### What the task asks
This task calls for every entry below to be repeated exactly.
── Available data ──
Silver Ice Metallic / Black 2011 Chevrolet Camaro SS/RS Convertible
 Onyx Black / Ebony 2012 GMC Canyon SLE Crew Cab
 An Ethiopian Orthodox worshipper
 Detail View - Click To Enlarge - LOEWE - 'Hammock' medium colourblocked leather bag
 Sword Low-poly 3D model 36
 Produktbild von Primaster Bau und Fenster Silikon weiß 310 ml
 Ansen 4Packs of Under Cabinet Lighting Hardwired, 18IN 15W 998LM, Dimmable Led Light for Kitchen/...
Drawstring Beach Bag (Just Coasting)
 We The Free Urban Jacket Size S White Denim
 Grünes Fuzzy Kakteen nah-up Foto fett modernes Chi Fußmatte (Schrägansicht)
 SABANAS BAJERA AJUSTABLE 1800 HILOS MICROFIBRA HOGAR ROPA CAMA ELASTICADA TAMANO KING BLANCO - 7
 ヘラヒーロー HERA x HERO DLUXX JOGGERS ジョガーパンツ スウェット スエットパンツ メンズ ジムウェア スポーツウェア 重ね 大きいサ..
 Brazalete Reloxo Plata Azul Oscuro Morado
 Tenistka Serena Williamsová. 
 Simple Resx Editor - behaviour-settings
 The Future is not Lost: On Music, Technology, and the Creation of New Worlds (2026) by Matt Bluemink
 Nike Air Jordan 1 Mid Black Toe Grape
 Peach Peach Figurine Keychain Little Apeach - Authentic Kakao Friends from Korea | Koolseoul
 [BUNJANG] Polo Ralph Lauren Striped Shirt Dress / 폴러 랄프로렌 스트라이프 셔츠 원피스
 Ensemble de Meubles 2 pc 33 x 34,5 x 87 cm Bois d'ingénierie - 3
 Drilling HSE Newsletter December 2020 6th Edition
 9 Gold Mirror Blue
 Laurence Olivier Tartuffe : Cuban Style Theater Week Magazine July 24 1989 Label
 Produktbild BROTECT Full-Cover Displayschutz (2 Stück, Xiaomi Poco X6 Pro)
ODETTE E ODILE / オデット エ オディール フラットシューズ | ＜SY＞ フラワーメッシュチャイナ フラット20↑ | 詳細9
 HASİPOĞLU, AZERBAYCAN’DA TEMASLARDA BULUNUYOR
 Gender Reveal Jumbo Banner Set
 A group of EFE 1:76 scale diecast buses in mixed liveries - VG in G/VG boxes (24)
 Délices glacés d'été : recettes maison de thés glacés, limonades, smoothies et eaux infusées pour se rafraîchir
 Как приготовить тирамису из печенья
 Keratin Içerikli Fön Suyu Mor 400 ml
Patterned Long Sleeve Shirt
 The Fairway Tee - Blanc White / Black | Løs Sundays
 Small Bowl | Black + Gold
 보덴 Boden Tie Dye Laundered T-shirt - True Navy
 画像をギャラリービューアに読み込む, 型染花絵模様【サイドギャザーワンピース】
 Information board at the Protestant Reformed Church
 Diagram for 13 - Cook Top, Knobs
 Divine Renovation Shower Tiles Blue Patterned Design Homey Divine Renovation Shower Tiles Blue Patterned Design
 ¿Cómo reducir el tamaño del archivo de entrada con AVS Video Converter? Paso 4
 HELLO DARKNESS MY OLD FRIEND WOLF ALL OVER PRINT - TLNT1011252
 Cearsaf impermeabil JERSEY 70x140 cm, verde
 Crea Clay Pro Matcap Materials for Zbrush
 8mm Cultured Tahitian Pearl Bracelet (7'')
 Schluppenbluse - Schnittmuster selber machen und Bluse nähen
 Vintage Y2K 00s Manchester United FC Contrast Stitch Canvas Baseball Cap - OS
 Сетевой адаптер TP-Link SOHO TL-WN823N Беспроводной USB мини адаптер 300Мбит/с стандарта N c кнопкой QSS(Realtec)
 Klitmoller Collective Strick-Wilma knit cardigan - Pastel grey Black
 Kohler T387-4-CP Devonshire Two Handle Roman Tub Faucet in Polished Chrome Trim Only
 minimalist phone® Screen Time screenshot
───
### Solution
Silver Ice Metallic / Black 2011 Chevrolet Camaro SS/RS Convertible
 Onyx Black / Ebony 2012 GMC Canyon SLE Crew Cab
 An Ethiopian Orthodox worshipper
 Detail View - Click To Enlarge - LOEWE - 'Hammock' medium colourblocked leather bag
 Sword Low-poly 3D model 36
 Produktbild von Primaster Bau und Fenster Silikon weiß 310 ml
 Ansen 4Packs of Under Cabinet Lighting Hardwired, 18IN 15W 998LM, Dimmable Led Light for Kitchen/...
Drawstring Beach Bag (Just Coasting)
 We The Free Urban Jacket Size S White Denim
 Grünes Fuzzy Kakteen nah-up Foto fett modernes Chi Fußmatte (Schrägansicht)
 SABANAS BAJERA AJUSTABLE 1800 HILOS MICROFIBRA HOGAR ROPA CAMA ELASTICADA TAMANO KING BLANCO - 7
 ヘラヒーロー HERA x HERO DLUXX JOGGERS ジョガーパンツ スウェット スエットパンツ メンズ ジムウェア スポーツウェア 重ね 大きいサ..
 Brazalete Reloxo Plata Azul Oscuro Morado
 Tenistka Serena Williamsová. 
 Simple Resx Editor - behaviour-settings
 The Future is not Lost: On Music, Technology, and the Creation of New Worlds (2026) by Matt Bluemink
 Nike Air Jordan 1 Mid Black Toe Grape
 Peach Peach Figurine Keychain Little Apeach - Authentic Kakao Friends from Korea | Koolseoul
 [BUNJANG] Polo Ralph Lauren Striped Shirt Dress / 폴러 랄프로렌 스트라이프 셔츠 원피스
 Ensemble de Meubles 2 pc 33 x 34,5 x 87 cm Bois d'ingénierie - 3
 Drilling HSE Newsletter December 2020 6th Edition
 9 Gold Mirror Blue
 Laurence Olivier Tartuffe : Cuban Style Theater Week Magazine July 24 1989 Label
 Produktbild BROTECT Full-Cover Displayschutz (2 Stück, Xiaomi Poco X6 Pro)
ODETTE E ODILE / オデット エ オディール フラットシューズ | ＜SY＞ フラワーメッシュチャイナ フラット20↑ | 詳細9
 HASİPOĞLU, AZERBAYCAN’DA TEMASLARDA BULUNUYOR
 Gender Reveal Jumbo Banner Set
 A group of EFE 1:76 scale diecast buses in mixed liveries - VG in G/VG boxes (24)
 Délices glacés d'été : recettes maison de thés glacés, limonades, smoothies et eaux infusées pour se rafraîchir
 Как приготовить тирамису из печенья
 Keratin Içerikli Fön Suyu Mor 400 ml
Patterned Long Sleeve Shirt
 The Fairway Tee - Blanc White / Black | Løs Sundays
 Small Bowl | Black + Gold
 보덴 Boden Tie Dye Laundered T-shirt - True Navy
 画像をギャラリービューアに読み込む, 型染花絵模様【サイドギャザーワンピース】
 Information board at the Protestant Reformed Church
 Diagram for 13 - Cook Top, Knobs
 Divine Renovation Shower Tiles Blue Patterned Design Homey Divine Renovation Shower Tiles Blue Patterned Design
 ¿Cómo reducir el tamaño del archivo de entrada con AVS Video Converter? Paso 4
 HELLO DARKNESS MY OLD FRIEND WOLF ALL OVER PRINT - TLNT1011252
 Cearsaf impermeabil JERSEY 70x140 cm, verde
 Crea Clay Pro Matcap Materials for Zbrush
 8mm Cultured Tahitian Pearl Bracelet (7'')
 Schluppenbluse - Schnittmuster selber machen und Bluse nähen
 Vintage Y2K 00s Manchester United FC Contrast Stitch Canvas Baseball Cap - OS
 Сетевой адаптер TP-Link SOHO TL-WN823N Беспроводной USB мини адаптер 300Мбит/с стандарта N c кнопкой QSS(Realtec)
 Klitmoller Collective Strick-Wilma knit cardigan - Pastel grey Black
 Kohler T387-4-CP Devonshire Two Handle Roman Tub Faucet in Polished Chrome Trim Only
 minimalist phone® Screen Time screenshot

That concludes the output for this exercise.